**Task objective:**
Print the lines that run from the line with "Purple - Image 3" to the line with "Bluey Cartoon Character", keeping both end lines, exactly as they appear in the entries below, and nothing else.

**Data extract:**

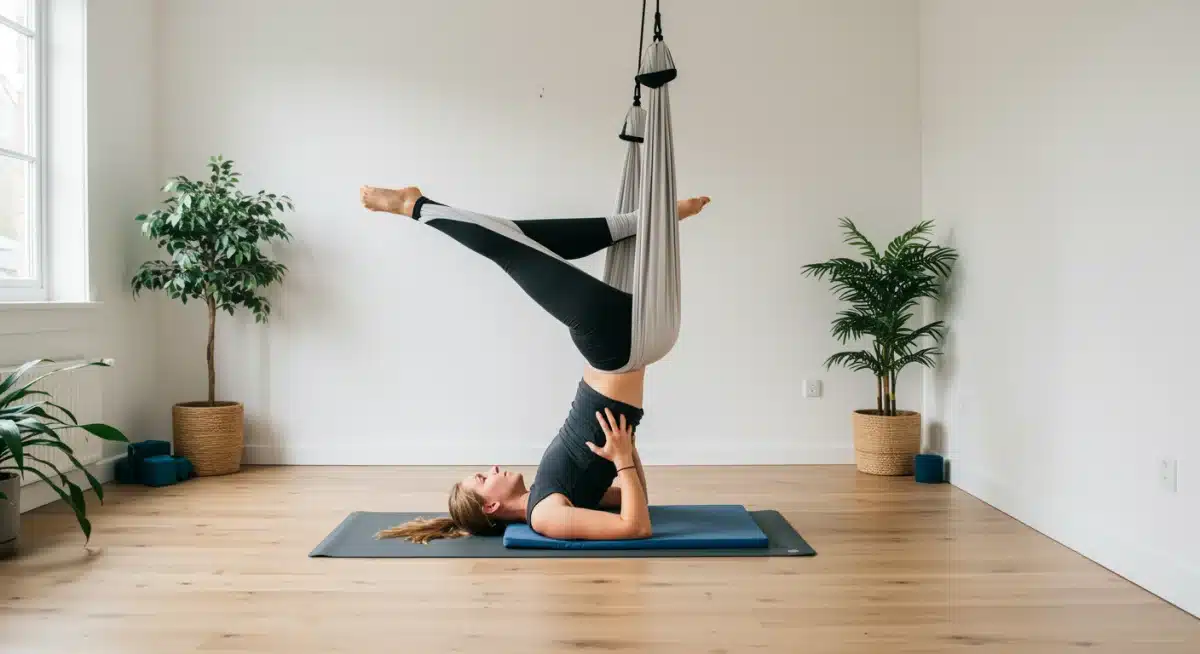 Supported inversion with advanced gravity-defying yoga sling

--

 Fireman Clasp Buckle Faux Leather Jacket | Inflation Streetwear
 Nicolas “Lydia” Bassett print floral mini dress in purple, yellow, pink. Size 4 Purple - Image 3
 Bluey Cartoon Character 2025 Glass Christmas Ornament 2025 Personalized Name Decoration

**Written answer:**
 Nicolas “Lydia” Bassett print floral mini dress in purple, yellow, pink. Size 4 Purple - Image 3
 Bluey Cartoon Character 2025 Glass Christmas Ornament 2025 Personalized Name Decoration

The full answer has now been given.